As expected, we see that when all $h_{i, \parallel} = h_{i, \perp}$, our codeword update is equivalent to finding the weighted average of the partition. Furthermore, if $w(t)=1$, the update rule becomes finding the average of datapoints in the partition, same as standard $k$-means update rule. Additionally, since there are only a finite number of partitions and at every iteration the loss function decreases or stays constant, our solution will eventually converge to a fixed point.
In vector quantization with a dictionary of size $k$, we quantize each datapoint into one of $k$ possible codewords. We can think of this as encoding each datapoint with one dimension with $k$ possible states.
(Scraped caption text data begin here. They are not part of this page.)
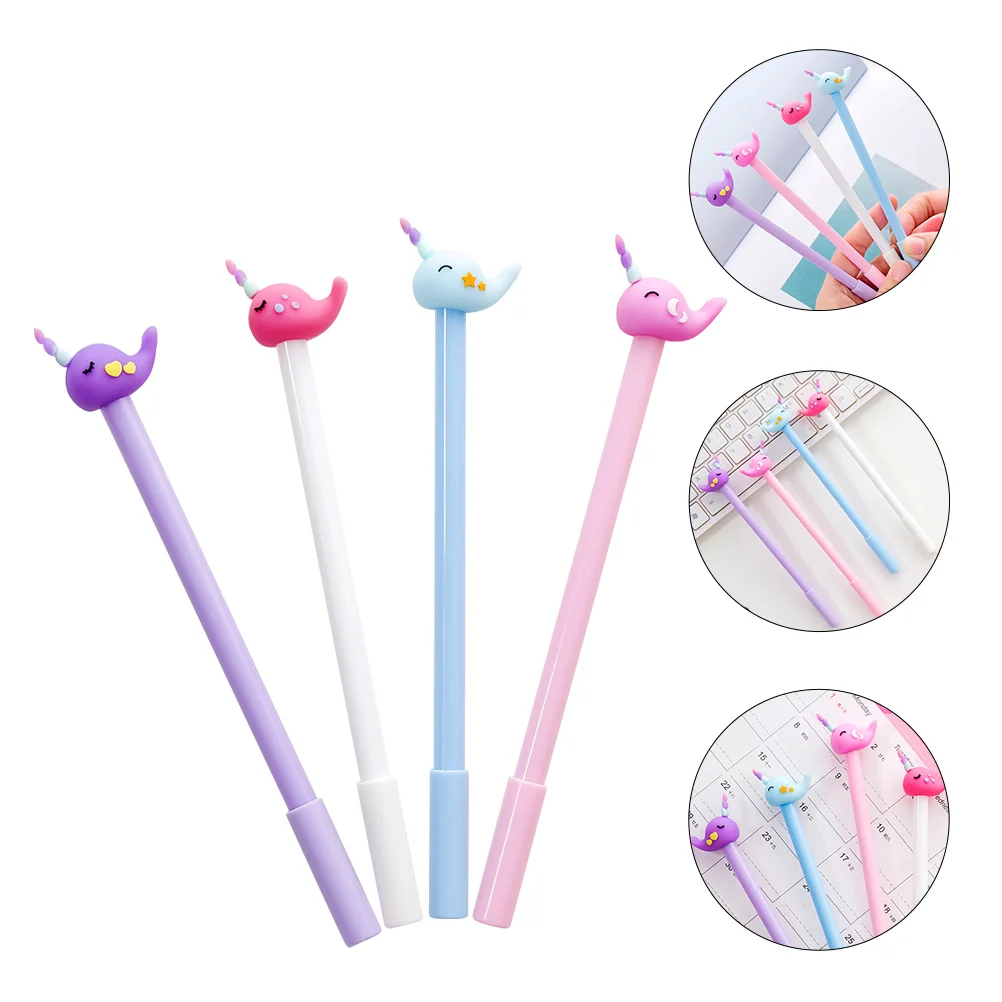 

12pcs Pens Portable Signature Pens Multipurpose Writing Pens Cartoon Narwhal Designed Pens for Office Home Gift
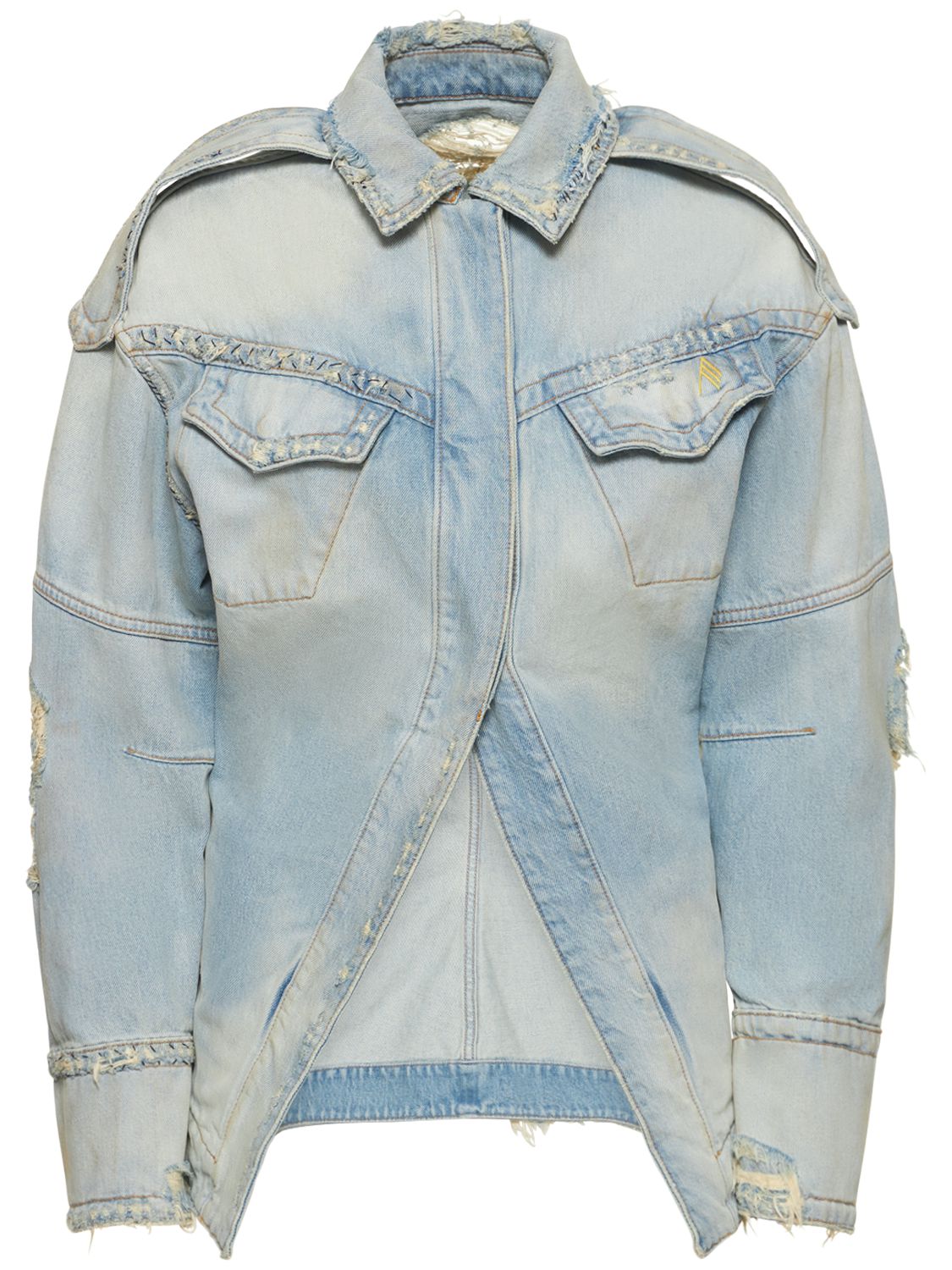 Attico Ripped Cotton Denim Jacket W/ Pockets In Denim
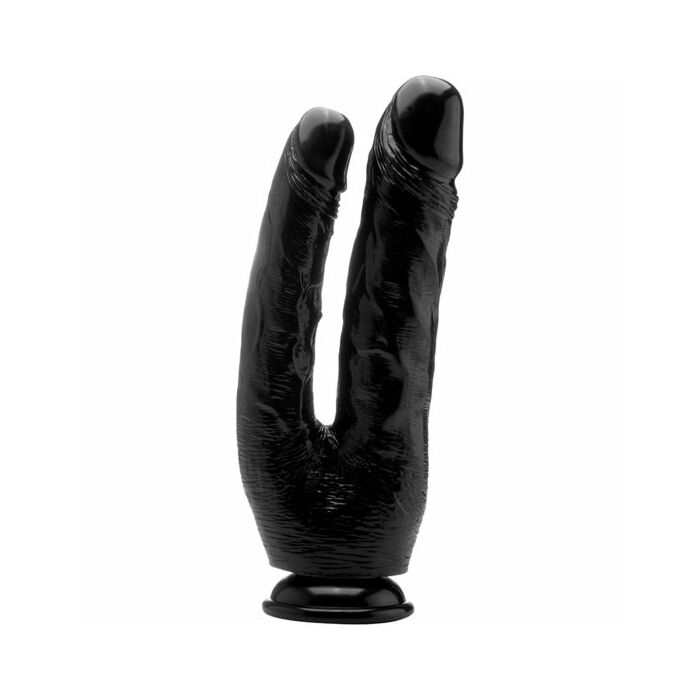 Realistic double cock - 10 inch - black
With product quantization we encode each datapoint into an $M$ dimensional codeword, each with $k$ possible states. This allows us to represent $k^M$ possible codewords, which would not be scalable with vector quantization. To do this, we split each datapoint $x$ into $M$ subspaces each of dimension $d / M$: $x = (x^{(1)}, x^{(2)}, \ldots, x^{(m)})$. We then create $M$ dictionaries $C^{(1)}, C^{(2)}, \ldots, C^{(m)}$, each with $k$ codewords of dimension $d / M$. Each datapoint would then be encoded with $M$ dimensions, with every dimension taking one of $k$ states.
To calculate distances with product quantization, for every dictionary $C^{(m)}$ we calculate the partial dot product of the relevant subspace of the query with every codeword in the dictionary. The final dot product is obtain by sum up all $M$ partial dot product. We can then calculate the dot product with $m$ quantized datapoints in time $O(kd + m n)$.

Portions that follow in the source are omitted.